Frederic W. H. Myers
Frederic William Henry Myers (6 February 1843, in Keswick, Cumberland – 17 January 1901, in Rome) was a poet, classicist, philologist, and a founder of the Society for Psychical Research.[1] Myers' work on psychical research and his ideas about a "subliminal self" were influential in his time, but have not been accepted by the scientific community.[2][3]
Early life
Myers was the son of Revd Frederic Myers (1811–1851)[4] and his second wife Susan Harriet Myers nee Marshall (1811–1896).[5] He was a brother of poet Ernest Myers (1844–1921) and of Dr. Arthur Thomas Myers (1851–1894).[4] His maternal grandfather was the wealthy industrialist John Marshall (1765–1845).[6]
Myers was educated at Cheltenham College and at Trinity College, Cambridge, where he received a B.A. in 1864,[7][8] and university prizes, including the Bell, Craven, Camden and Chancellor's Medal, though he was forced to resign the Camden medal for 1863 after accusations of plagiarism.[6] He was a Fellow of Trinity College from 1865 to 1874 and college lecturer in classics from 1865 to 1869. In 1872 be became an Inspector of schools.[6]
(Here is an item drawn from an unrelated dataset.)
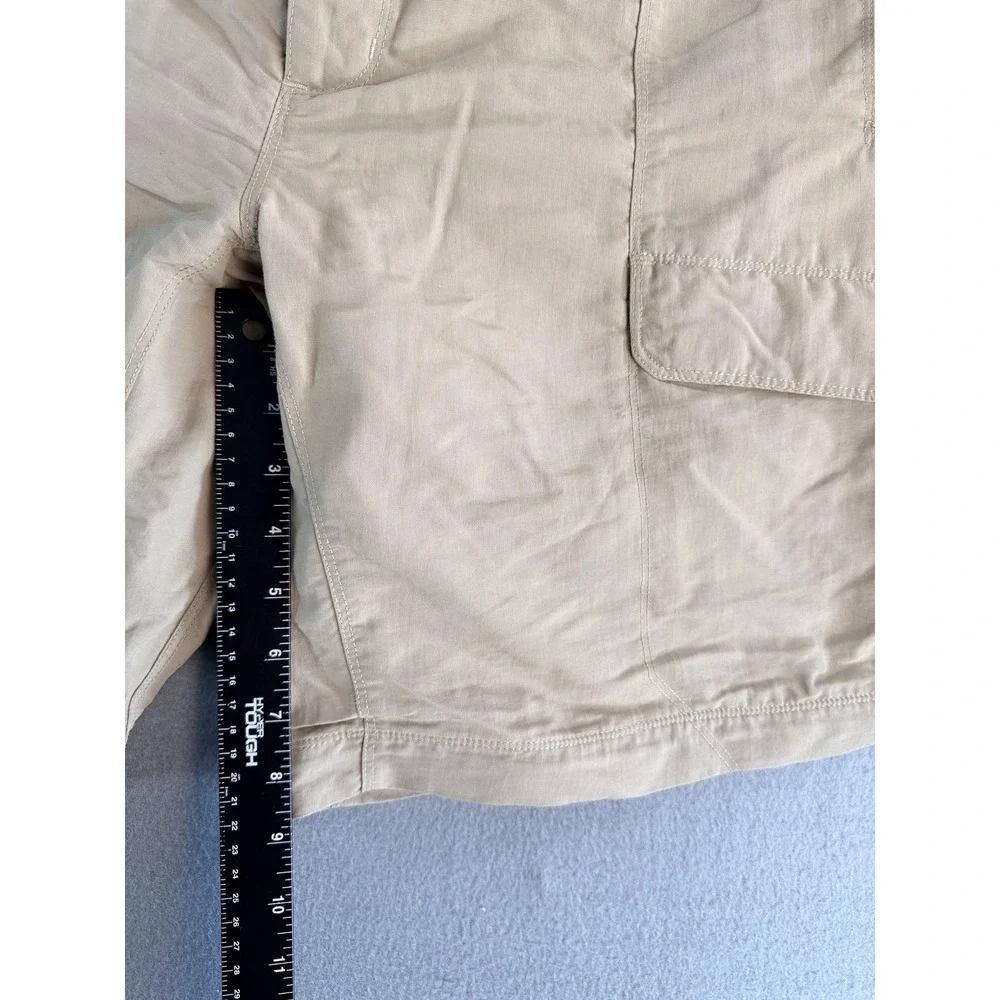 The North Face Shorts Mens XL Beige Nylon Hiking 9 Inseam Belted Cargo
In 1867, Myers published a long poem, St Paul, which became popular. The poem included the words of the hymn Hark what a sound, and too divine for hearing.[9] This was followed in 1882 by The Renewal of Youth and Other Poems. He also wrote books of literary criticism, in particular Wordsworth (1881) and Essays, Classical and Modern (in two volumes, 1883), which included an essay on Virgil.
Personal life
As a young man, Myers was a homosexual. He was involved in homosexual relationships with Arthur Sidgwick and the poet John Addington Symonds.[10] He later fell in love with the medium Annie Eliza, the wife of his cousin Walter James Marshall and they had an affair.[11] Myer's relationship with his cousin's wife was described as sexual.[12] Annie committed suicide in September 1876 by drowning.[13]
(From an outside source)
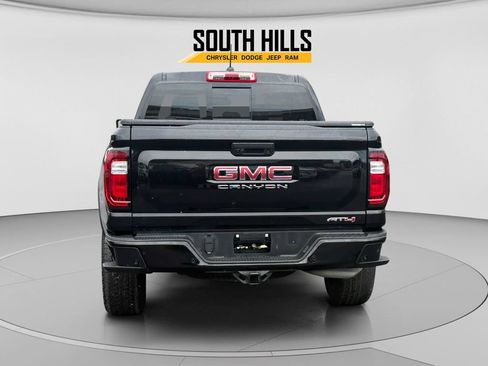 Used 2024 GMC Canyon AT4 w/ Technology Package AWD/4WD image 4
The British occult writer Richard Cavendish wrote "According to his own statement, he [Myers] had very strong sexual inclinations, which he indulged. These would seem to have been mainly homosexual in his youth, but in later life he was wholly heterosexual."[14] In 1880, Myers married Eveleen Tennant (1856–1937), daughter of Charles Tennant and Gertrude Tennant. They had two sons, the elder the novelist Leopold Hamilton Myers (1881–1944), and a daughter.[6] English author Ronald Pearsall wrote that Myers had sexual interests in the young lady mediums that he investigated.[15] The researcher Trevor H. Hall argued that Myers had an affair with the medium Ada Goodrich Freer.[16] However, Trevor Hamilton dismissed this and suggested that Freer was simply using her acquaintance with Myers to gain status in the psychical research movement.[17]
Psychical research
Myers was interested in psychical research and was one of the founder members of the Society for Psychical Research (SPR) in 1883.[18][19][20] He became the President in 1900.[21] Myers has been described as an "important early depth psychologist" who influenced William James, Pierre Janet, Théodore Flournoy and Carl G. Jung.[22]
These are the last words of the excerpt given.